Judge temporarily blocks Trump’s birthright citizenship executive order

Washington — A federal judge in Seattle temporarily blocks President Trump’s new bill executive order designed to eliminate birthright citizenship.

During a hearing Thursday, U.S. District Judge John C. Coughenour called Trump’s order “blatantly unconstitutional” and said he would grant four Democratic-led proposals to challenge it. Requests for temporary restraining orders filed by challenging states: Washington, Arizona, Illinois, and Oregon.

The judge’s order will remain in effect while legal proceedings continue, an early blow to Trump’s efforts to unilaterally crack down on immigration, which he promised on the campaign trail and began taking action almost immediately after he was elected. . sworn in Second term Monday.

A Justice Department spokesman said the department “will vigorously defend President Trump’s (executive order), which correctly interprets the Fourteenth Amendment to the United States Constitution. We look forward to presenting our full case to the court and the desperate American people.” To see the laws of our country enforced. “

“Obviously, we’re going to appeal,” Trump told reporters on Thursday, declining to respond further.

Presidential Order Targeting Birthright Citizenship Is One wave of administrative action He signed the agreement shortly after taking office. The order directs federal agencies to stop issuing citizenship documents such as passports to children born in the United States illegally or to parents holding temporary visas.

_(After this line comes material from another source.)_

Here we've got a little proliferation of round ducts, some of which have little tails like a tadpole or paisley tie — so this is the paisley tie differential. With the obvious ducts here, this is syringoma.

Trump’s move was quickly challenged by four states and 18 others, as well as advocacy groups.

in a four page order The president’s executive actions forced state agencies “to lose federal funding and incur significant costs to provide necessary, legally required health care and social services to resident children,” Cognull wrote in an article published after the hearing. harming the interests of the states. He found that state residents were also harmed by “the deprivation of their constitutional citizenship and all related rights and benefits.”

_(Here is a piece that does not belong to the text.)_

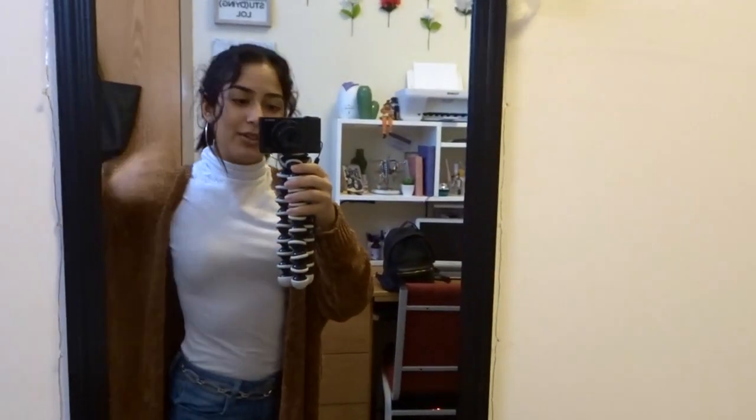I woke up and today it's like 60 degrees out — it was like 56 when I woke up. So I wore my first winter outfit. I have this turtleneck bodysuit tucked in, wearing these boyfriend jeans that are kind of loose, a belt, and this cardigan I got from Charlotte Russe. I also have to go get groceries, so it's just gonna be a shopping day — let's go!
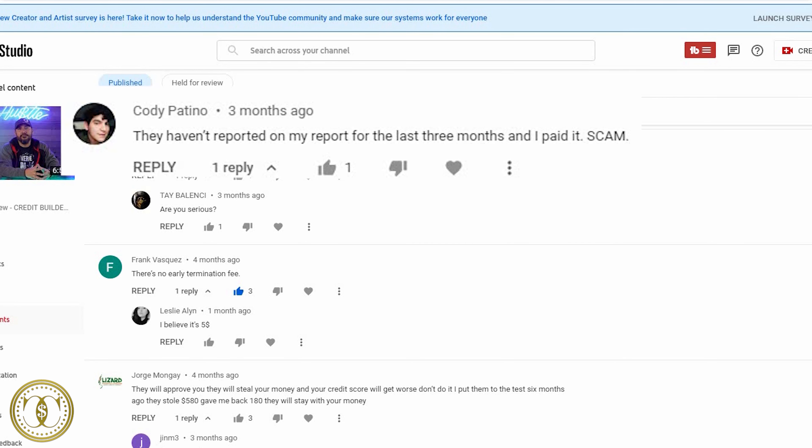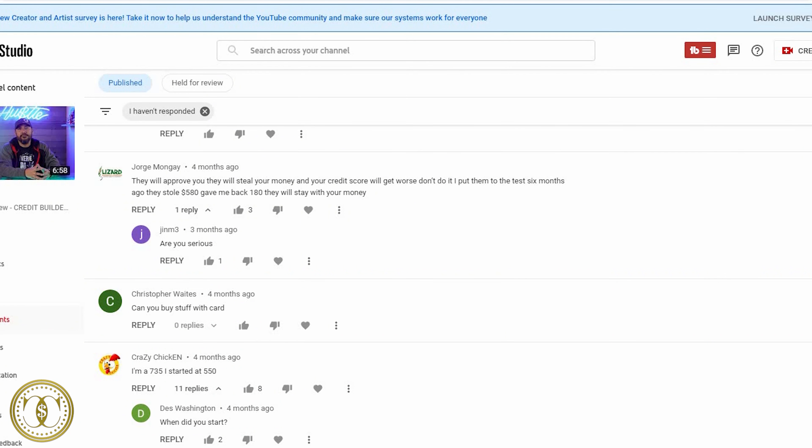Cody said Self hasn't reported to his credit report in three months. They should report every month. If they're not reporting, try contacting Self directly. Sometimes it gets backlogged and all three months show up at once. If it goes four or five months without reporting, contact Self to find out why.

Citing his four decades on the bench, Cognull said he “can’t remember” a case that raised the issue “so clearly.”

Caughnour was the first judge to hold a hearing on the issue, in which he considered requests from four states to temporarily block enforcement of the order.

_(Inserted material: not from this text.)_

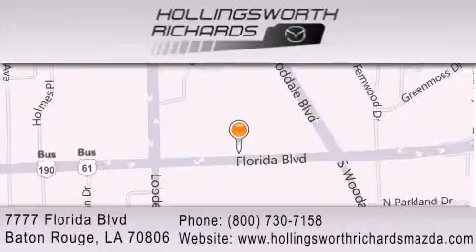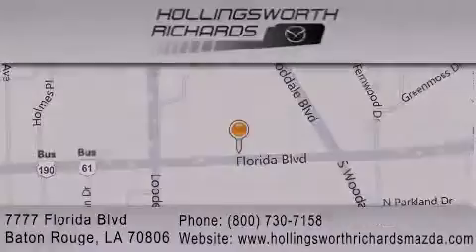And as always, remember, at Hollingsworth Richards, we're making deals every day. We'll see you later.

The judge, who was appointed to the federal bench by President Ronald Reagan in 1991, said he had a hard time imagining members of the bar arguing that Trump’s order was constitutional.

The four states argue that Trump’s order seeking to end birthright citizenship violates the Fourteenth Amendment, which states that “all persons born or naturalized in the United States, and subject to the jurisdiction thereof, are citizens of the United States and of the states wherein they are located.” “. They live. “

“With this order, babies born today are no longer considered U.S. citizens,” Lane Polozola, an attorney representing Washington state, said at the hearing, adding that hundreds of thousands of children across the country will affected by Trump’s actions.

Polozola said revoking birthright citizenship is “forbidden.”

But Justice Department attorney Brett Shumate, who defended the order, said issuing a temporary restraining order to block the measure at this time was “highly inappropriate and premature.” He predicted that challenges to Trump’s measures would eventually go to the Supreme Court, which has a 6-3 conservative majority.